Authors: Paulette Callen
Gustie felt strong hands lift her up off her knees and help her outside. Once out of the ice house, she could stand again; she could see and breathe, but she could not speak to answer Lena’s and Jordis’s worried faces for she was overcome by a wrenching sorrow. She began to weep uncontrollably and did not know why. This weeping was not for Clare; Gustie knew
that
sorrow. It was clean. Its edges were gone. This was a sharp, murky, fearful thing.
“What’s the matter with her?” An unsympathetic voice fell on them like a chill. Lena and Jordis both started. Oscar Kaiser was watching them. His left armless sleeve was tucked into his coat pocket. His right arm hung at his side. More sounds at the front of the house told them that the family was home from church. Julia and Frederick appeared around the corner and stopped short when they saw Lena and Jordis, their arms around a weeping Gustie, the ice house door agape.

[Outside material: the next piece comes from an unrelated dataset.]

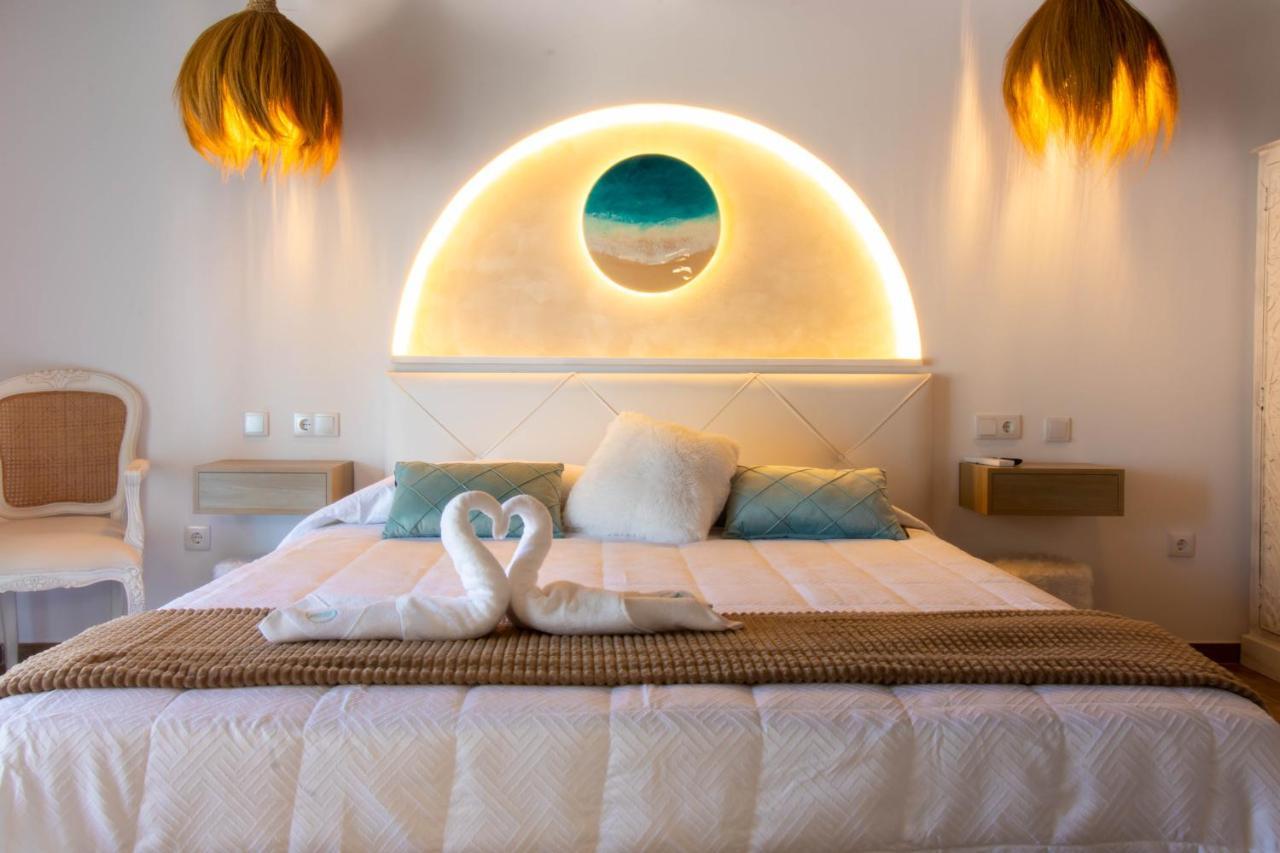 Puerto Ciro Apartment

Frederick echoed his brother but with more concern. “What happened?”
“I don’t know. She got in there and went all to pieces,” Lena answered.
Oscar asked, “What were you doing in there?”
“We were just looking,” said Lena.
“What for?” Oscar seemed annoyed, but Lena couldn’t tell if it was because they had been in the ice house or, because of their commotion, he was going to be delayed sitting down to his dinner.
“You tell me.” Lena could get just as annoyed. “Come here,” she commanded. Oscar followed her back to the ice house. “Look at this. What’s Ma’s rocker doing out here? What’s all this wax?”
When Lena went in Oscar remained in the doorway, killing the light. He was not as tall a man as Will, but he was broader and heavier. “You make a better door than a window,” Lena commented.
Oscar shifted to the side. “Ma probably wanted that chair out of her way. Nyla’s brought in some things of her own so the house is crowded. No place to put things since we took Ma’s barn down. I told her we shouldn’t have done that,” Oscar growled. “Julia’s barn is just big enough for the team. You keeping company with squaws now, Lena?” He produced a leering kind of grin.
“What do you care who I keep company with?” Lena snapped like a terrier. She asked again, “What’s all this wax?”
“Don’t know.”
Lena threw a hand up in frustration and, pushing past Oscar, went back outside. “It’s freezing.” Gustie still sobbed and Jordis stood with one arm around her protectively. Julia had apparently gone into her house. Frederick stood eyeing Gustie and Jordis, and then Lena and Oscar. His ears were red with cold, but he made no move to go inside or to warm himself.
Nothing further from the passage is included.